Related Search Generation: Three-Tier Semantic Matching

This article explains how we generate related search links for every page on the site using a three-tier strategy that balances semantic relevance, traffic distribution, and query diversity.

The Problem: Relevant Navigation Links

Every page needs related search links to help users discover more content. But which queries should we show?

The challenge is balancing multiple goals:

Relevance: Links should be semantically related to the current page
Traffic distribution: High-traffic queries should appear on high-traffic pages
Query diversity: Each query should appear on multiple pages (10+ times)
URL uniqueness: Don't link to the same destination twice
Coverage: Every page should have 8 quality links

A naive approach (pure semantic similarity) might show the same queries on every page. A better approach uses a three-tier strategy with traffic-aware processing.

Three-Tier Strategy

We generate related searches using three tiers of decreasing relevance:

Tier 1: Related Searches (High Similarity)
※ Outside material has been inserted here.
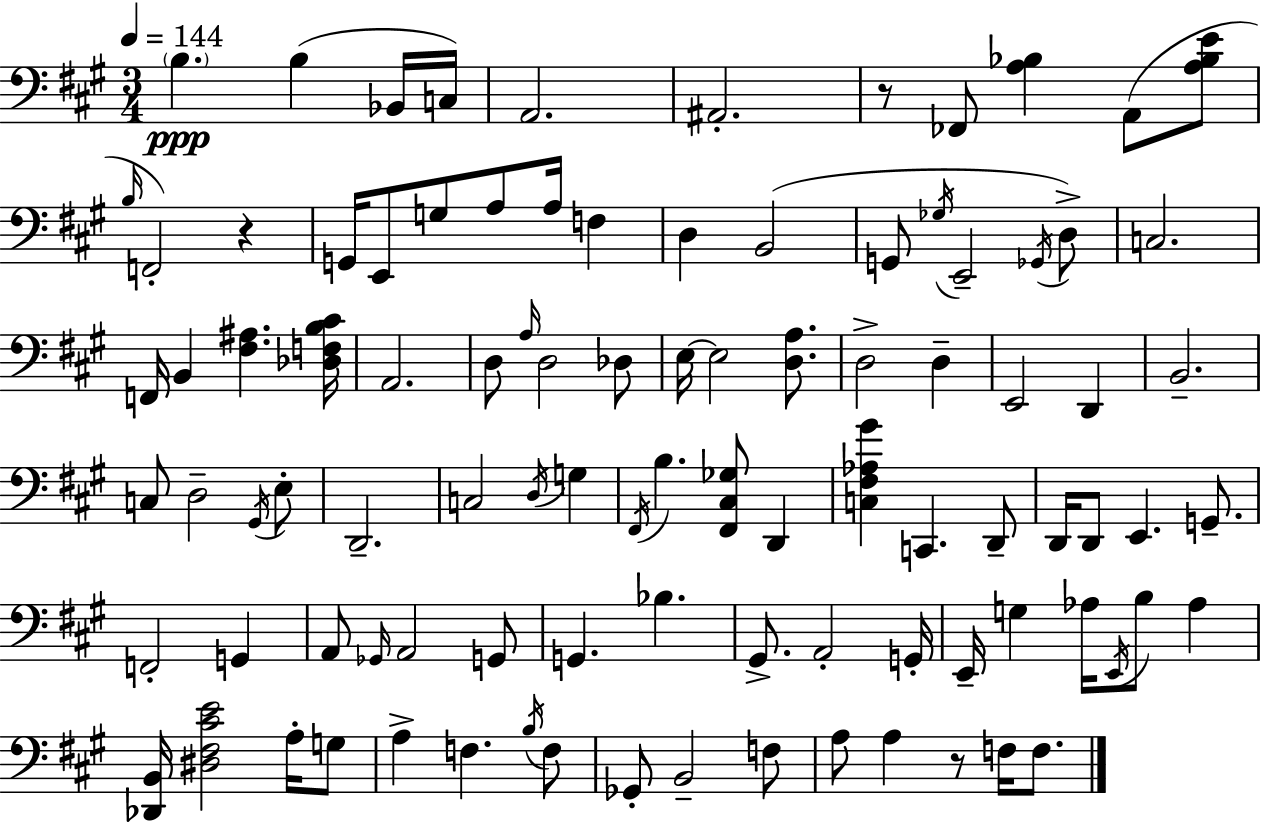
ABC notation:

High semantic similarity queries that are directly related to the page content:

Example page: "Treo N100 Mini PC"
Example queries: "n100 mini pc", "mini pc 8gb", "compact desktop n100"

These are the most relevant matches.

Tier 2: Popular Searches (Medium Similarity)

Medium similarity queries that are topically related but less specific:

Example page: "Treo N100 Mini PC"
Example queries: "mini pc", "small computer", "fanless pc"

These are broader queries in the same category.

Tier 3: Trending Searches (Fallback)

Global power queries (highest traffic) used when semantic matches are exhausted:

Example page: Any page
Example queries: "mini pc", "thin client", "industrial pc", "all in one pc"

These are the most popular queries site-wide.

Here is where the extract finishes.